Nation's Top 10 Small Employers Announced
BY Angus Loten
The annual Principal Financial rankings highlight the best small businesses for employee financial security.
Amid a tightening labor market, taking good care of workers pays off, according to a new report from the Principal Financial Group.
In its annual picks of the nation's best small businesses for employee financial security, which were announced on Monday, the Des Moines, Iowa-based financial firm identified fast-growing companies from a range of industries that use innovative benefits packages -- from wellness programs to an auto-pilot retirement savings plan -- to maintain "exceptionally low turnover rates."
This year's 10 winners, which had between five and 1,000 employees, included a Cedar Rapids, Iowa, utilities company, a Miramar, Fla., credit union, and a Saline, Mich., bookmaker, and other companies in a range of industries -- from manufacturing and marketing, to agriculture and financial services.
"They've found ways to reach a balance between the cost of benefits and providing good employee security," Renee Schaaf, Principal Financial Group's vice president, said in a statement. As such, Schaaf said, they're able to leverage good benefits to "help drive their business success, because it allows them to attract and retain the best talent out there."
Whenever possible, workers make job choices based on an employer's benefits offer, said Dallas Salisbury, head of the Employee Benefit Research Institute, and a member of this year's judging panel. Employers need to understand the "tremendous value in providing great employee benefits programs."
Of the top 10 companies, eight offered automatic investment options -- allowing workers to identify their year of retirement and adjust their assets accordingly, the firm said.
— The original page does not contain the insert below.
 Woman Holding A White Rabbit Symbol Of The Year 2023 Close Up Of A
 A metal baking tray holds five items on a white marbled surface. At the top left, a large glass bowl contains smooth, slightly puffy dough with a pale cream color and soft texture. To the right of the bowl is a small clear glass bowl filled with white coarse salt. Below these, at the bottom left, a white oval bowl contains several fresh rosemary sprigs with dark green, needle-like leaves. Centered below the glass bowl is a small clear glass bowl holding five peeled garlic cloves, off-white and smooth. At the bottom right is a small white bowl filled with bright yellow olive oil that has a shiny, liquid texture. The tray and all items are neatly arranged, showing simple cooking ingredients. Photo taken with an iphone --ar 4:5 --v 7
Two others offered automatic deferral increases, where the percentage deferred for retirement savings rises year by year, while at least one provided automatic enrolment in 401(k) plans.
Nearly all made target date or lifetime investment options, among other "do-it-for-me" incentives in their 401(k) plans, the firm said.
In addition, half also offered defined benefit plans or enhanced defined contribution retirement plans, which boost employees' defined benefit options with an income or variable annuity, the firm said.
Yet, beyond providing extra benefits, the companies also found ways of making them more meaningful to their employees, said Dan McCarthy, another member of this year's judging panel. "Whether it was immunizations of wellness benefits, financial planning or automatic enrollment," McCarthy said. "They are enabling employees to make better use of those benefits."
To do that, nearly every company also provided one-on-one benefit guidance or financial planning training at the workplace, the firm said.